He was pained by his state of utter mental darkness. While he was
raising the lady's white hand to his lips he heard the French officer
say with marked emphasis:

"'If he has the soul of a warrior (at that time, you know, people really
talked in that way), if he has the soul of a warrior he ought to fall at
your feet in gratitude.'

"Tomassov felt himself plunged into even denser darkness than before. He
followed the French officer out of the room and out of the house; for he
had a notion that this was expected of him.

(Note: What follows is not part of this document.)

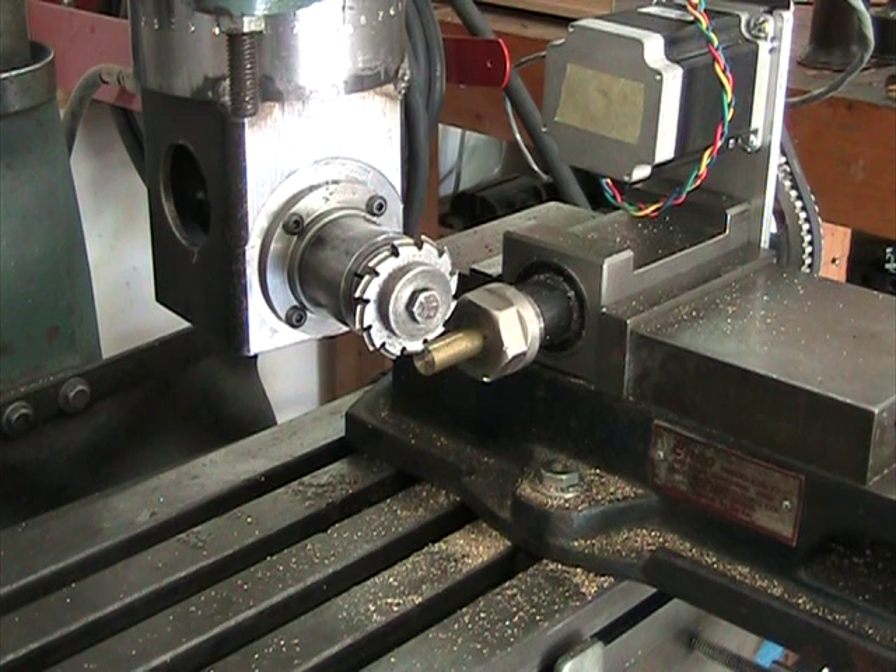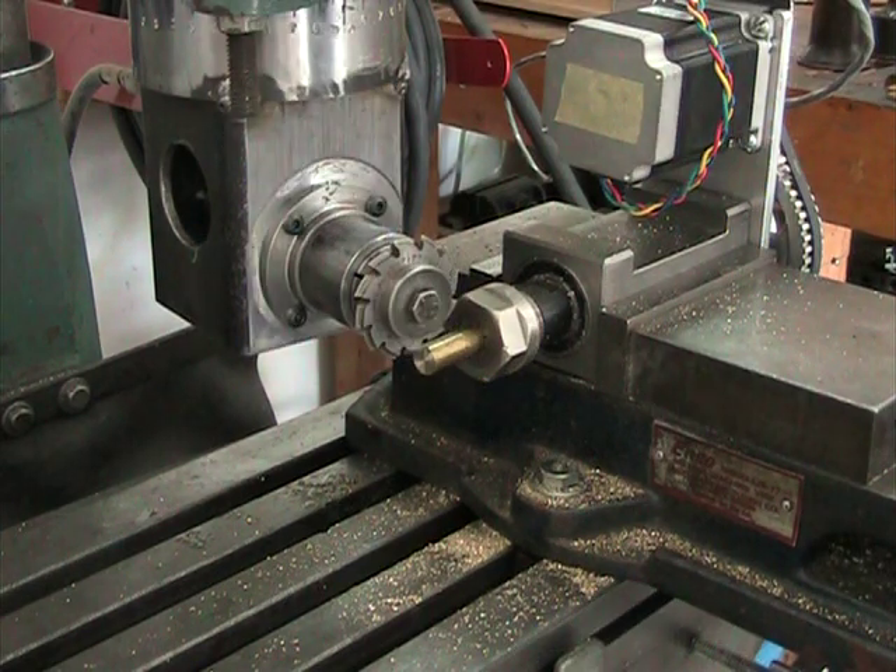I might mention that this is actually my fourth gear attempt. It took me two attempts to get the angles and everything set up right, and then the third gear I boogered it up doing something else. So this is the fourth gear. I think this one will be good. I'm going to go ahead and fire it up and we'll see how it looks.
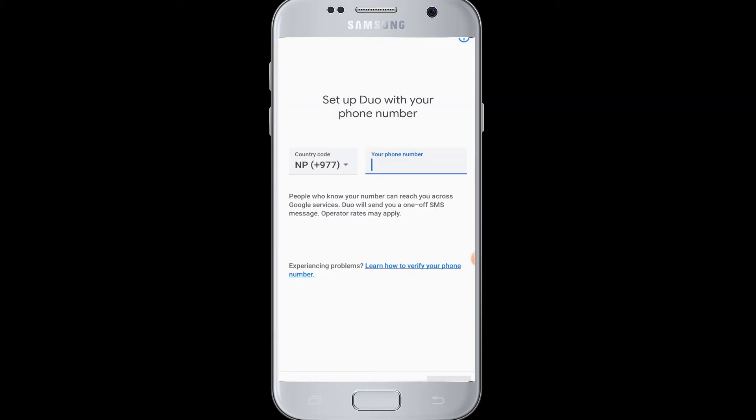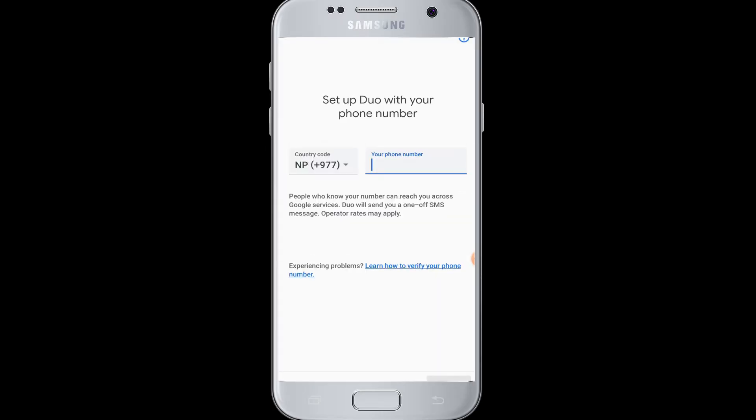The first step in signing up is entering your phone number. First, choose your country code, then enter your phone number in the box. After that, tap the 'Agree' button at the bottom of your screen, and Google Duo will send a verification code to your phone number.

"It was getting dusk, the weather was very bad, and the street was quite
deserted. The Frenchman lingered in it strangely. And Tomassov lingered,
too, without impatience. He was never in a hurry to get away from the
house in which she lived. And besides, something wonderful had happened
to him. The hand he had reverently raised by the tips of its fingers had
been pressed against his lips. He had received a secret favour! He was
almost frightened. The world had reeled--and it had hardly steadied
itself yet. De Castel stopped short at the corner of the quiet street.

"'I don't care to be seen too much with you in the lighted
thoroughfares, M. Tomassov,' he said in a strangely grim tone.

"'Why?' asked the young man, too startled to be offended.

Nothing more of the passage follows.